人口が減少し、高齢化していく成熟国家が、持続的な経済成長を遂げるためには、アジア太平洋の活力を取り込み、市場の拡大と生産性の向上を図る必要がある。そのためには、貿易や投資の自由化、そして知的所有権をはじめとする国際経済ルールの統一が不可欠だ。
このため、世界各国は自由貿易協定(FTA)や経済連携協定(EPA)の締結に躍起となっているが、なかでも最も高いレベルの自由化と連携をめざすのが、環太平洋経済連携協定(TPP)である。

思えば一昨年の横浜APECを前に当時の菅総理がTPP参加を急遽提案し、民主党内から反発を受けて取り下げた。そして昨年は野田総理がハワイでの会議で、「TPP参加に向けて協議に入る」旨を表明した。しかし、民主党政府の議論は2年間全く進まず、放置されたままである。ようやく先週末になって民主党のTPPプロジェクトチームが、「関税撤廃は認められない」などと指摘し、交渉参加について「慎重に判断することを求める」とする従来どおりの消極的な報告書をまとめた。
この間、先送りを続ける日本を追い越すかたちで、カナダとメキシコが参加を表明した。米国の新大統領選びが終われば、広域経済圏の新ルール作りの交渉が一気に進むだろう。歩みが(とてつもなく)遅い日本抜きで…。

APEC最大の消費力を有する米国がTPPを軸に経済連携を進めるという政策をとっている以上、我が国がこの協定に不参加という選択肢はありえない。参加しなくても、そのルールを使用せざるを得なくなるのだから。日中や日中韓で独自のFTAを進めようにも、米国と日本の協定(TPP)=米国の力が無くては、中国の経済力に対抗できないだろう。
その意味でも、国家全体の利益を尊重すれば、TPP交渉への参加は不可避であると私は考える。

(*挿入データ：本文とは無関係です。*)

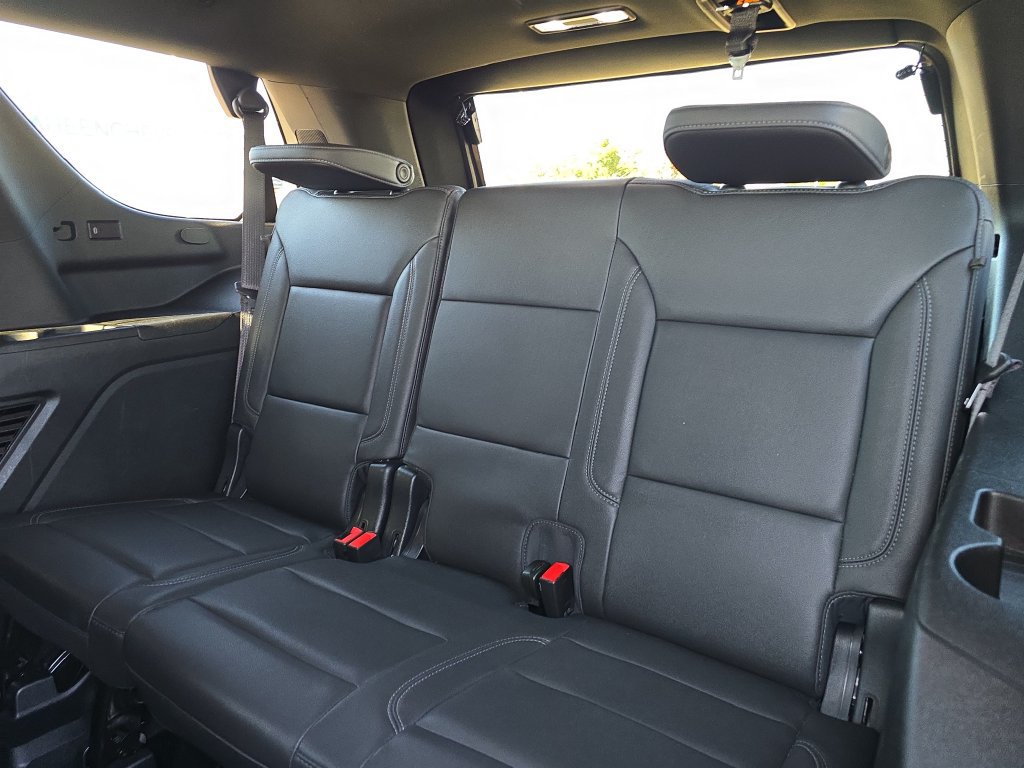 Used 2022 Chevrolet Tahoe LT w/ Luxury Package AWD/4WD image 30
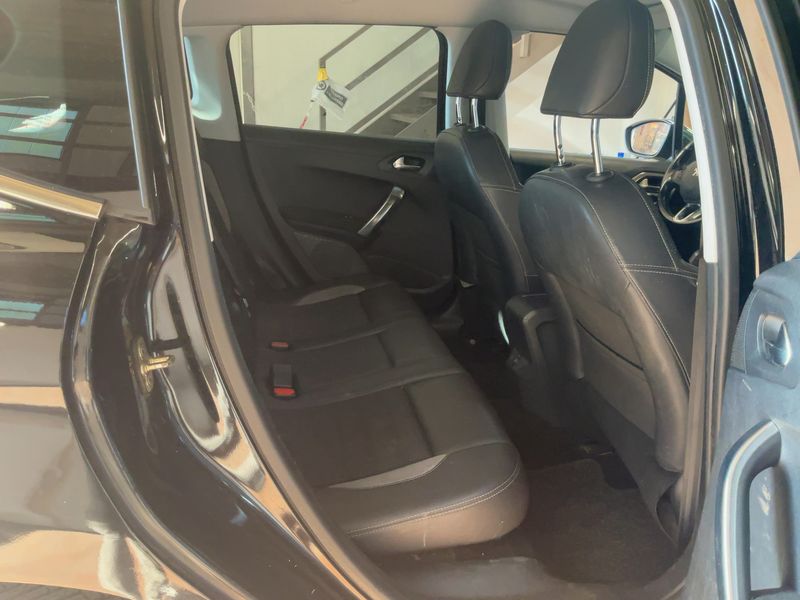 Peugeot 2008 1.6 e-HDi Allure 2014 – снимка 19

領土問題で課題を有する日ロ、日中、日韓関係だが、そもそも領土紛争が生じる大きな要因は、そこに存する資源の利用権という経済的な問題だ。係争地域を含み完全に一体となった共同経済圏を築いてしまえば、双方の国民が共有できる財産としてしまえば、水産資源もエネルギー資源も共同利用が可能となり、もはや大きな問題にはならないのではないだろうか。
永らく停滞する北方領土問題でも、双方の国民が自由に出入りし、水産資源、エネルギー資源を共有できるなら、解決策は見いだせるように思える。サハリンやシベリアの天然ガスを利用し、我が国のエネルギー安全保障を強化するためにも、ロシアとは大人の関係を築きたいものだ。

野田総理はプーチン大統領との間で、12月のロシア訪問を約束した。これは間もなく行われるであろう総選挙によって、政権のバトンが移ろうとも、必ず実現しなくてはならない。
外交とはそういうものだ。中長期の我が国の舵取りは、一般的な国内施策の調整と同様に扱ってはならない。ましてや総理の思いつきで操舵することは許されない。消費増税を実現した三党合意の枠組みは、一過性のものではなく今後の社会保障制度の議論に引き継がれる。同様に、外交通商、安全保障等を定めるに際しても、恒久的な枠組みとして維持、活用したいものである。